PATIENT(S): Three hundred fourteen patients with breast cancer who were counseled for FP (n=218) or PCART (n=96) from June 1999 to July 2009.

INTERVENTION(S): None.

MAIN OUTCOME MEASURE(S): Factors favoring early referrals.

RESULT(S): Mean age at diagnosis was higher in FP vs. PCART (35.3±4.5 years vs. 33.9±4.7 years). Ninety percent presented with cancer stage 1 or 2. From 2000 to 2009 the proportion of referrals for FP increased continually. In 2009, nearly all (95.5%) were for FP. The majority (63.8%) was referred from an academic center. Patients with a family history of breast cancer were more likely to consult for FP (75.2% vs. 64.3% without). There was no association with occupation, income, race, ethnicity, obstetric history, and prior infertility treatment. Only 22.9% of those counseled in PCART, compared with 45.0% in the FP group, proceeded with a procedure.

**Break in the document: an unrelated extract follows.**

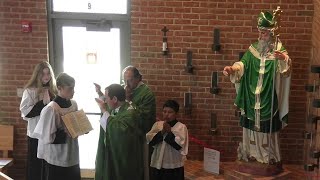 Blessing of the St. Patrick Statue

CONCLUSION(S): There has been an increasing trend within the last 10 years for early referral of breast cancer patients to FP. Factors favoring early referrals are older age, early-stage cancer, family history of breast cancer, and academic center involvement. Those seen before cancer treatment are more likely to receive an intervention.

摘要

目的

评估社会经济、人口统计学和医学因素对乳腺癌患者生育力保存(FP,早期转诊)或化疗后辅助生殖技术(PCART,延迟转诊)的转诊模式的影响。

设计

二次分析。

设置

学术医疗中心。

患者

1999 年 6 月至 2009 年 7 月期间接受 FP(n=218)或 PCART(n=96)咨询的 314 例乳腺癌患者。

干预措施

无。

主要观察指标

有利于早期转诊的因素。

结果

诊断时的平均年龄在 FP 组与 PCART 组之间更高(35.3±4.5 岁 vs. 33.9±4.7 岁)。90%的患者处于癌症 1 期或 2 期。从 2000 年到 2009 年,FP 的转诊比例持续增加。2009 年,几乎所有(95.5%)都是 FP。大多数(63.8%)是从学术中心转诊而来。有乳腺癌家族史的患者更有可能咨询 FP(75.2% vs. 64.3%无家族史)。与职业、收入、种族、民族、产科史和既往不孕治疗无关。只有 22.9%在 PCART 中接受咨询的患者,而 FP 组中则有 45.0%继续进行了治疗。

结论

在过去 10 年中,乳腺癌患者的 FP 早期转诊呈上升趋势。有利于早期转诊的因素是年龄较大、癌症早期、乳腺癌家族史和学术中心参与。那些在癌症治疗前就诊的患者更有可能接受干预。